Exploring cgroups v2 and MemoryQoS With EKS and Bottlerocket
Ant(on) Weiss
Posted on February 19, 2024
Bottlerocket is a Linux-based operating system optimized for hosting containers. It was originally developed at AWS specifically for runnning secure and performant Kubernetes nodes. It's minimal, secure and supports atomic updates.
According to this discussion - starting with Bottlerocket 1.13.0 (Mar 2023) new distributions will default to using Cgroups v2 interface for process organization and enforcing resource limits.
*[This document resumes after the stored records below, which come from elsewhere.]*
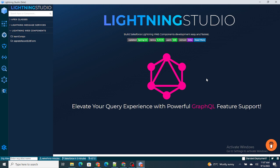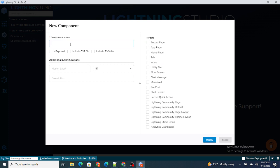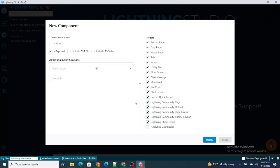In this video I'm going to create a simple component and explain the significance of each file. I'm creating a component called 'basic'. I'm setting isExposed to true and selecting some targets — I'll explain what isExposed and targets mean in just 5 to 10 minutes. I'm also including the CSS and SVG files, then deploying it.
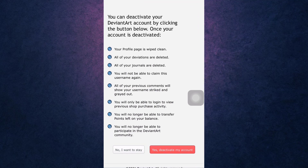You will not be able to claim this username again. All of the comments that you have made so far will be grayed out. You will only be able to log in to view previous shop purchase activity, you will no longer be able to transfer points, and you won't be able to participate in the DeviantArt community. If you are sure you want to delete your account, tap on 'Yes, Deactivate My Account'.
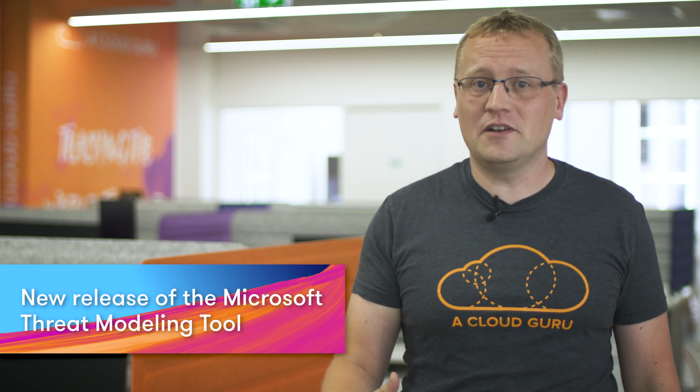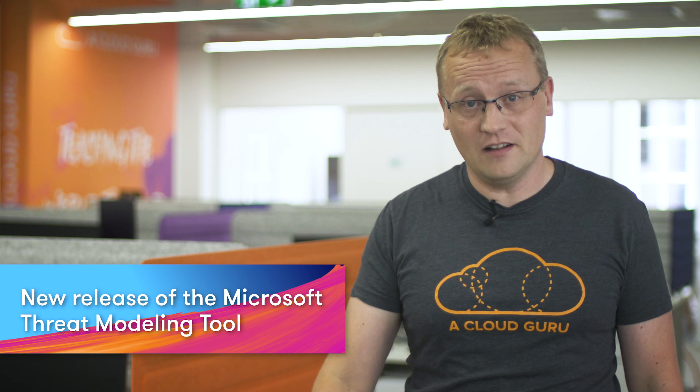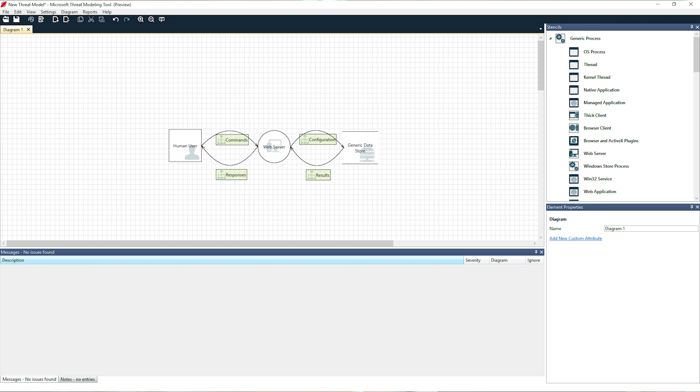The threat modeling tool is a core element of the Microsoft security development lifecycle, or SDL. It allows software architects to identify and mitigate potential security issues early when they are relatively easy and cost-effective to resolve. It is a tool that many developers and Azure users don't know about, and it can greatly reduce time spent going back to fix security bugs on a project. The highlights of this tool are: communicate about the security design of a system while you're developing it, analyze those designs for potential security issues using a proven methodology, and suggest and manage mitigations for security issues. A new version of the tool was released on the 29th of January 2019, and you can download the latest and find a tutorial to get started using the links below.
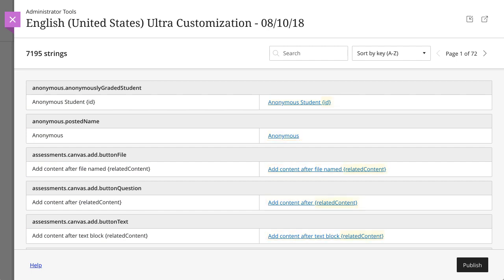You may see brackets and other characters and strings that appear out of place or don't appear in the user interface. These characters are known as variables and are elements of the Ultra code that change based on conditions or events. To prevent unexpected changes in behavior, we recommend you don't edit variables in strings.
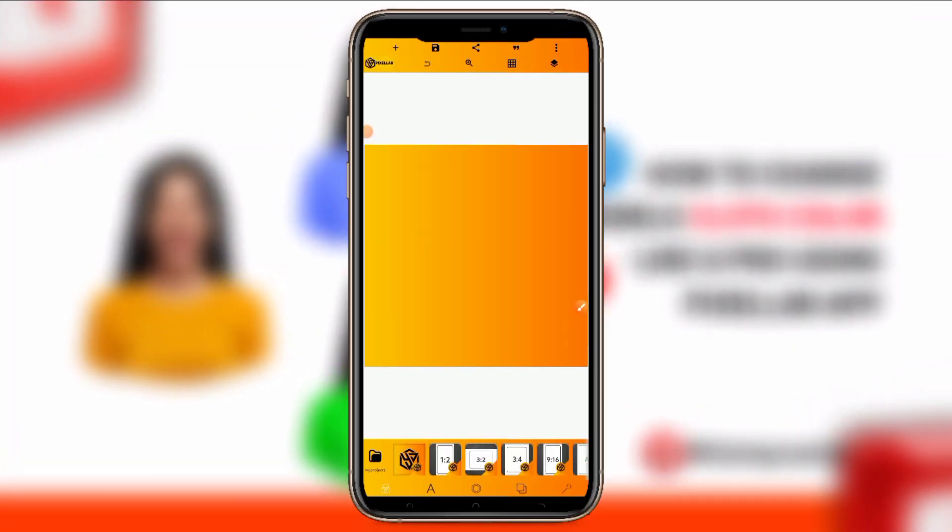Fellow graphics designers, welcome back to the Color Graphics Design channel. In this video, I will teach you guys how you can change the color of clothes on any character using a Pixelab app.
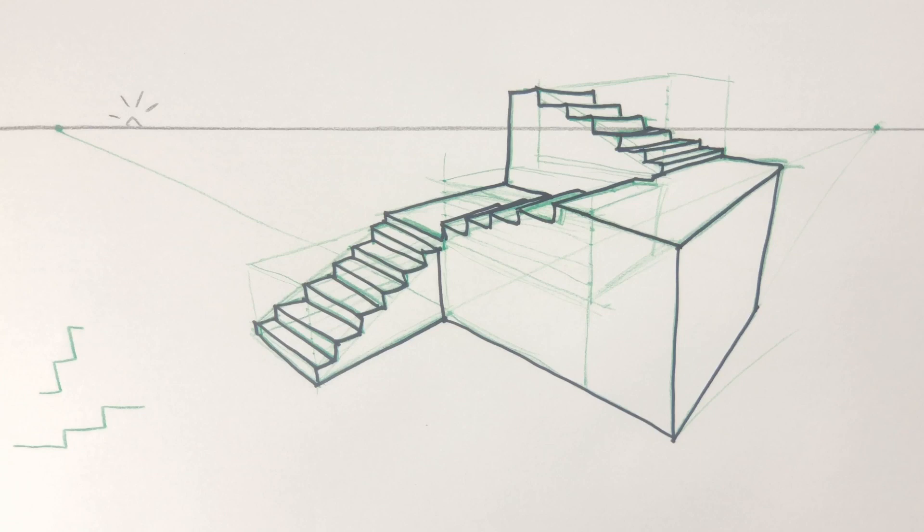So when you're drawing steps, the three main things you need to think about is how steep are the steps, how many are there, and what you're going to do about a landing at the top.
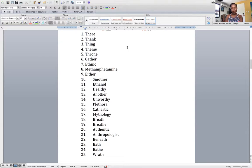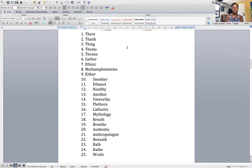Pay particular attention to number twenty — you might feel tempted to say 'awthentric,' but no, it's 'authentic.' And in number nineteen, you might say 'breathy,' but the E is silent — it's 'breathe.' Also note: anthropologist, healthy, unworthy, plethora, cathartic — I like the word cathartic. And methamphetamine — notice that the PH sounds like F: methamphetamine.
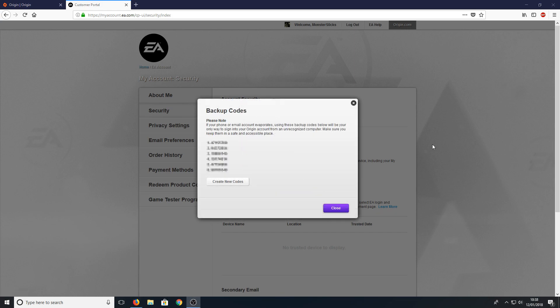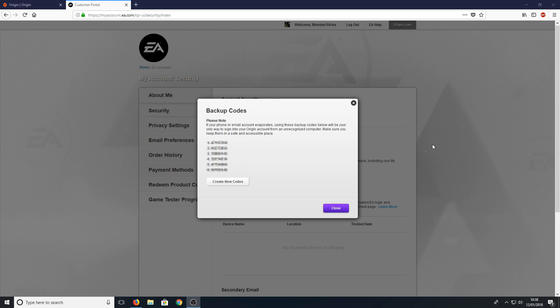Once you've finished entering the security code and verifying your account, you'll get a list of backup codes. These codes are really important because if you don't have access to your email or mobile phone, you can use these codes to gain access back into your Origin account. Make sure you keep them somewhere safe.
In this post I intend to explore how this works for EKS clusters running Kubernetes 1.26+ and what this change means for EKS users.
Cgroups - An Intro
Cgroups (abbreviated from Control Groups) - is a Linux kernel feature that lies at the foundation of what we now know as Linux containers.
The feature allows to limit. account for and isolate resource usage for a collection of processes.
It was developed at Google circa 2007 and merged into Linux kernel mainline in 2008.
Cgroups and Kubernetes
Kubernetes allows us to define resource usage for containers via the resources map in the Pod API spec.
These definitions are then passed by the kubelet on to the container runtime on the node and translated into Cgroups configuration.
Up until version 1.25 Kubernetes only supported Cgroups v1 by default. In 1.25 - stable support for Cgroups v2 was added. Now if running on a node with Cgroups v2 - the kubelet automatically identifies this and perfroms accordingly. But what does this mean for our workload configuration? In order to understand that we need to explain what Cgroups v2 is.
Cgroups V2
Cgroups v2 was released in 2015 introducing API redesign - mainly for a unified hierarchy and improved consistency. The following diagram shows the change in how Cgroup controllers are ordered in v2 vs. v1:
According to this architecture document : "Some Kubernetes features exclusively use cgroup v2 for enhanced resource management and isolation. For example, the MemoryQoS feature improves memory QoS and relies on cgroup v2 primitives."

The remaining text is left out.